Aku tiba-tiba mendengar suara langkah lain di belakang. Perasaan takutku sedikit menguap karena setidaknya ada orang lain yang menemaniku melewati jalan ini. Aku berbalik dan terkejut. Tak ada siapa pun di sana. Aku yakin, suara itu tadi ada.

Udara malam ini begitu dingin menusuk hingga ke tulang. Aku mengencangkan jaket berharap bisa sedikit memberi kehangatan. Kembali aku dibuat takut saat mulai berjalan, kudengar suara langkah tadi. Kali ini aku tak berani menoleh apalagi berbalik. Langkah itu mengikuti ritme langkahku.

Aku mencoba berjalan senormal mungkin supaya tak terlihat jika saat ini aku ketakutan. Ingin berlari tapi aku ragu. Akhirnya, aku hanya memeluk erat ransel yang ada di dekapanku.

Aku teringat cerita Saskia—sahabatku—siang tadi. Dia melihat berita mengenai penjahat yang biasa mengungtit korbannya sebelum dia melakukan aksinya. Terlintas dalam benakku jika ada seseorang yang sedang menguntitku saat ini.

Aku mempercepat langkah. Sedikit lagi maka aku akan tiba di rumah. ketika di persimpangan jalan, aku berdoa semoga dia berlainan arah denganku. Sayangnya, ekor mataku menangkap sosok pria bertopi itu juga ikut berbelok ke arah yang sama.

“Bagaimana ini?” tanyaku dalam hati. Mataku mulai panas. Ketakutan mulai menjalar ke tubuhku menciptakan gigil yang berkesinambungan. Aku mulai menangis.

Tiba-tiba aku teringat seseorang. Bobby! Pasti dia bersedia menjemputku sekarang. Aku mengeluarkan handphone dengan perlahan dan segera menelepon Bobby yang juga tetanggaku itu. Terdengar nada sambung tapi tak diangkat.

“Apa dia sudah tidur?” pikirku. Tentu saja, ini kan sudah tengah malam! Aku kembali mempercepat langkahku berharap orang asing itu tertinggal jauh di belakang. Aku bergidik ngeri saat kusadari dia tetap mengikutiku.

“Sedikit lagi, Via. Sedikit lagi!” lirihku menguatkan diri sendiri.

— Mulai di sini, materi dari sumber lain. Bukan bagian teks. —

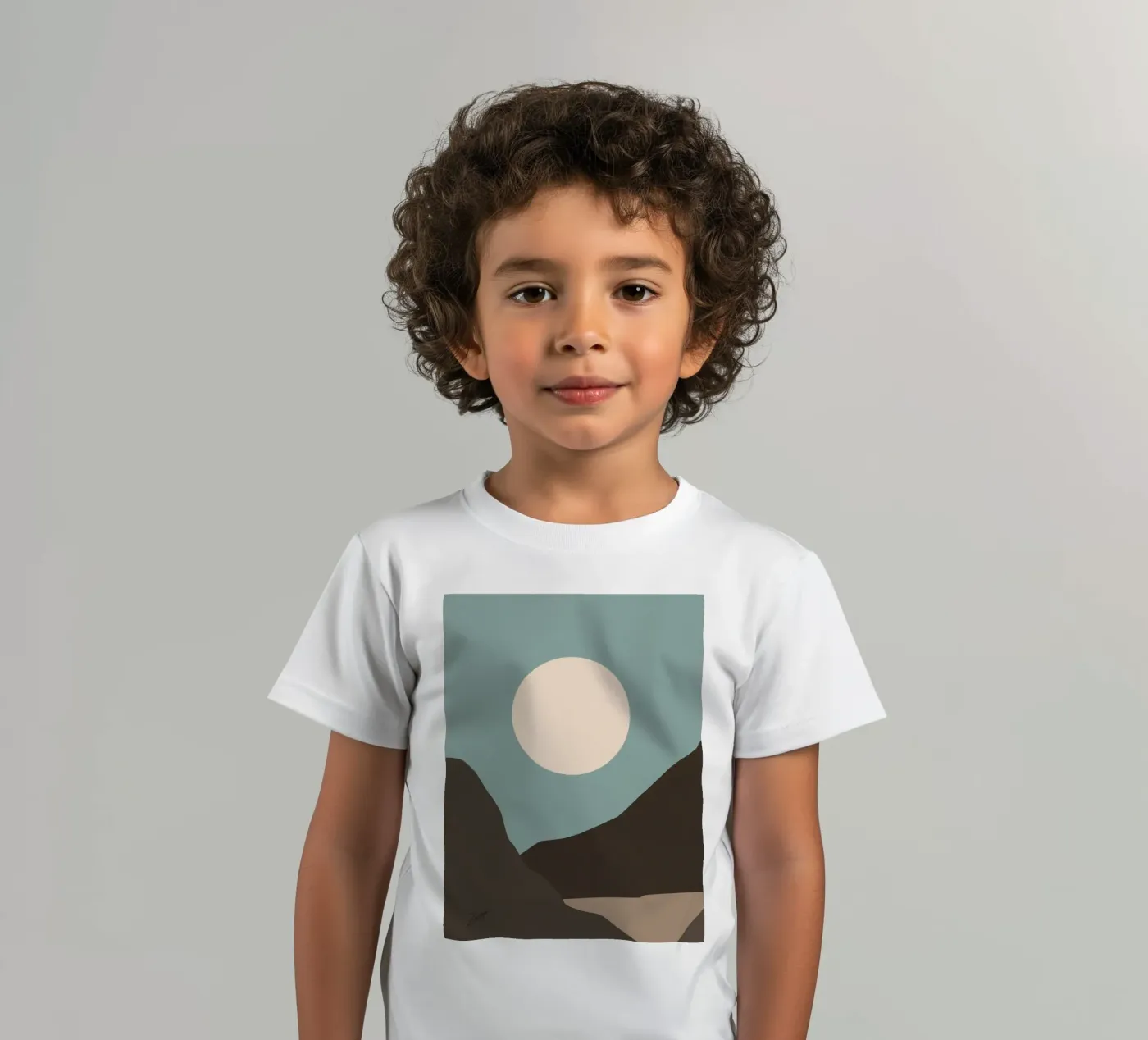 Dumm Kinder T-Shirt von zeriayam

Tak jauh lagi aku mencapai persimpangan yang akan membawaku sampai di rumah. Setelah itu, pasti dia berhenti mengikutiku karena di sana masih ada toko-toko yang buka 24 jam. Setidaknya dia tak akan berani macam-macam jika di tempat ramai.

Aku hampir saja berlari saat merasakan sosok itu hanya berjarak beberapa meter di belakangku. Begitu dekat. Hingga rasanya aku sudah tak lagi bisa menghindar jika dia menyerangku. Air mataku mengalir deras tapi suaraku tercekat di tenggorokan. Aku takut!

Beberapa langkah lagi mendekati persimpangan, tiba-tiba aku berlari kencang. Entah kekuatan dari mana tapi aku tak peduli. Aku hanya merasa sosok itu juga berlari.

Dugh!

Aku menabrak seseorang saat berbelok, kami jatuh terduduk. Mataku terpejam. Rasa takutku mencapai batasnya. Aku menangis.

“Kamu tidak apa-apa, Via?” sebuah suara yang kukenal tengah bertanya padaku. Sontak aku membuka mata dan memeluknya erat.

“Bobby!” Aku hanya bisa menangis sambil memeluknya.

Aku memberanikan diri melihat gang sempit di belakangku. Tak ada siapa pun di sana. Mataku menyapu gang sempit dan gelap itu mencari sosok yang sedari tadi mengikutiku. Nihil.

“Kamu mencari apa?” tanya Bobby yang keheranan.

“Itu … tadi ada yang mengikutiku. Apa kamu tidak melihatnya?”

“Tidak ada siapa pun di belakangmu.”

Aku yakin dengan kehadiran penguntit itu tapi aku juga bingung mendapati sosoknya yang menghilang saat ini.

“Mungkin itu hanya perasaanmu. Makanya besok jangan pulang terlalu malam. Besok aku akan menjemput kamu,” ucap Bobby yang kusambut dengan anggukan. Ia mengajakku pulang sambil menggenggam erat jemariku yang masih gemetar.

“Mungkin aku akan berhenti saja dari restoran,” batinku. Aku yakin sosok tadi nyata.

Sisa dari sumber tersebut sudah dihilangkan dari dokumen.